Le polemiche non mancano, specialmente per quanto riguarda il concetto di “faglia attiva”, cioè l’identificazione delle zone a maggiore rischio sismico. A seconda della interpretazione che si da al termine cambia infatti il numero di centrali da smantellare, tra le quali potrebbe figurare anche la più grande (con sette reattori), già pronta per la riattivazione, quella di Kashiwazaki-Kariwa. Oltre a ciò, la novità chiave dovrebbe essere l’obbligo di costruire una “stazione di controllo” ad adeguata distanza dalla centrale e di dotare i reattori di doppie ventole di raffreddamento. Il problema sono però i tempi: i nuovi criteri verranno codificati a giugno, e poi si dice che saranno necessari almeno tre anni per realizzarli. La prospettiva, considerando che a settembre chiuderanno per manutenzione gli unici due reattori in funzione, quelli di Oi (Fukui), è un ritorno all’opzione zero, come avvenne per due mesi l’anno scorso. Il contrasto con le aspettative di Abe è evidente.

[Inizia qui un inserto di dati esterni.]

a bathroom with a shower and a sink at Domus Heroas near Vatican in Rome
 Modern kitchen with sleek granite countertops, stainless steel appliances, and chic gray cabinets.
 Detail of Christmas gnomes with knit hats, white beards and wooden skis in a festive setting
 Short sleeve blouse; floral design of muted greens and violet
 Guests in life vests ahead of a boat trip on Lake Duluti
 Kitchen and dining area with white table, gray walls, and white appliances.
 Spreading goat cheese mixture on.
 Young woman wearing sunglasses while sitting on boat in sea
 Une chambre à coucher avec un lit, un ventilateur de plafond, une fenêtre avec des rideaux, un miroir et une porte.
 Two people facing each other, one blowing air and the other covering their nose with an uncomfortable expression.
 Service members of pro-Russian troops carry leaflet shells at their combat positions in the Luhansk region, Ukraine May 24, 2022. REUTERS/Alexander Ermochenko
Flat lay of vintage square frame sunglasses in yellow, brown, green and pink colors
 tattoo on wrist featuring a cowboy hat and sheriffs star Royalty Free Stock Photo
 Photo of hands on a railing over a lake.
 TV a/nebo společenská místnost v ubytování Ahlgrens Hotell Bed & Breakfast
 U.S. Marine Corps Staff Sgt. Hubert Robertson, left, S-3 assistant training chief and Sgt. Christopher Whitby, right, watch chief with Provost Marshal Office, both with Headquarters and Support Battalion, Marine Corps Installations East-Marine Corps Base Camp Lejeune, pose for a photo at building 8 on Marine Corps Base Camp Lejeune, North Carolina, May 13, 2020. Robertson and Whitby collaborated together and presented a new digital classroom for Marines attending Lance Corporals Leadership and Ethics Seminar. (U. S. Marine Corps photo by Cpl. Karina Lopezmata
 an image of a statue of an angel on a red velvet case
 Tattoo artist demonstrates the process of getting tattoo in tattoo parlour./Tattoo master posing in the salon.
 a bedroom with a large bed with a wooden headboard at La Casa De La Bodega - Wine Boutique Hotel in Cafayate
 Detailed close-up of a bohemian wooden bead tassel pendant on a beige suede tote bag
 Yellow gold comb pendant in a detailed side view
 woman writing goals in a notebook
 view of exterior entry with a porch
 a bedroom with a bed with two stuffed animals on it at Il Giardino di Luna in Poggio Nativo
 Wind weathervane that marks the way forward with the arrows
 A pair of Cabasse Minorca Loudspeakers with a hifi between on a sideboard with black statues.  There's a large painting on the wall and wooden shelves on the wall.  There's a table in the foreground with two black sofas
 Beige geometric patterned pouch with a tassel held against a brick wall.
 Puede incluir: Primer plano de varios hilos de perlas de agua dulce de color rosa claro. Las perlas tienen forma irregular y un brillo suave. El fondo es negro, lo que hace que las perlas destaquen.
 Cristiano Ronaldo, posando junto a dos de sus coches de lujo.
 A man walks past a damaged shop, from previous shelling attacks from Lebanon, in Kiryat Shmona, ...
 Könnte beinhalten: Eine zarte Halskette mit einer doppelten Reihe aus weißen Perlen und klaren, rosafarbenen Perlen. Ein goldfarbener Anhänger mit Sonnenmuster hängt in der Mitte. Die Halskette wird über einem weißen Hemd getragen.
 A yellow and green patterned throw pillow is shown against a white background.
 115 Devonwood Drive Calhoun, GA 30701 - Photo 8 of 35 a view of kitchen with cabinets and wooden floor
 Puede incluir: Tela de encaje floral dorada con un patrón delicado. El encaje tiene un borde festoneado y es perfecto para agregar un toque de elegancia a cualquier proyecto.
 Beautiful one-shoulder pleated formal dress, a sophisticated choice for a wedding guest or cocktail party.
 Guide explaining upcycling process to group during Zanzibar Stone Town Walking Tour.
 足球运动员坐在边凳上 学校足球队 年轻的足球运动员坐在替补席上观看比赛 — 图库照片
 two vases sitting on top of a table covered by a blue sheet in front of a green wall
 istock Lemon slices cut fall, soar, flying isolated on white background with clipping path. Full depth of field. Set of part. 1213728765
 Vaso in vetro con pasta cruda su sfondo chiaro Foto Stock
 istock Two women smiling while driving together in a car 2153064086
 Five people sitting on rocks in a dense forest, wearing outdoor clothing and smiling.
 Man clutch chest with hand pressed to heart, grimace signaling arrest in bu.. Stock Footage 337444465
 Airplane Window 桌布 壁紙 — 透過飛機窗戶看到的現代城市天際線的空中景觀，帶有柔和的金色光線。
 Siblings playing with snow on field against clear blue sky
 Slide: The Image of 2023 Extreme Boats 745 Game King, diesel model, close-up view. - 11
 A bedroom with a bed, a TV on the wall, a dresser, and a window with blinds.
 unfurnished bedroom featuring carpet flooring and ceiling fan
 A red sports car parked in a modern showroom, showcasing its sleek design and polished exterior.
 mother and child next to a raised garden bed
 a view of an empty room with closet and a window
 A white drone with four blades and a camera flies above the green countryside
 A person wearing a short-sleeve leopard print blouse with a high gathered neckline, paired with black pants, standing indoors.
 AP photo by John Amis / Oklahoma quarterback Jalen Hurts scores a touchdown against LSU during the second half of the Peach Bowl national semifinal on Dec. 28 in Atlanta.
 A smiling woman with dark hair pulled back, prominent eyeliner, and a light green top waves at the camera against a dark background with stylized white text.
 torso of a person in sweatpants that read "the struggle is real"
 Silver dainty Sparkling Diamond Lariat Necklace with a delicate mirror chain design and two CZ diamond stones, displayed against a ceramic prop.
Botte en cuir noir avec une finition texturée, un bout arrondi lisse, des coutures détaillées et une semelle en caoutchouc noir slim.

Perfino il baluardo della sicurezza rischia pertanto di vacillare, così come un altro aspetto fondamentale della questione del nucleare civile su cui il Giappone potrebbe avere molto da dire ed eventualmente da insegnare: la partecipazione democratica. La bocciatura, il 22 gennaio, della richiesta di decidere attraverso un referendum la riapertura o meno della centrale di Kashiwazaki-Kariwa (prefettura di Niigata) sta infatti evidenziando la difficoltà di conciliare interessi locali e interessi nazionali. La linea che sta prevalendo, sgretolatosi con il Partito democratico il mito della partecipazione del basso, è che l‘ultima parola spetta al governo. Insomma – sul nucleare civile come sulle basi americane – vince la centralizzazione delle decisioni e delle responsabilità.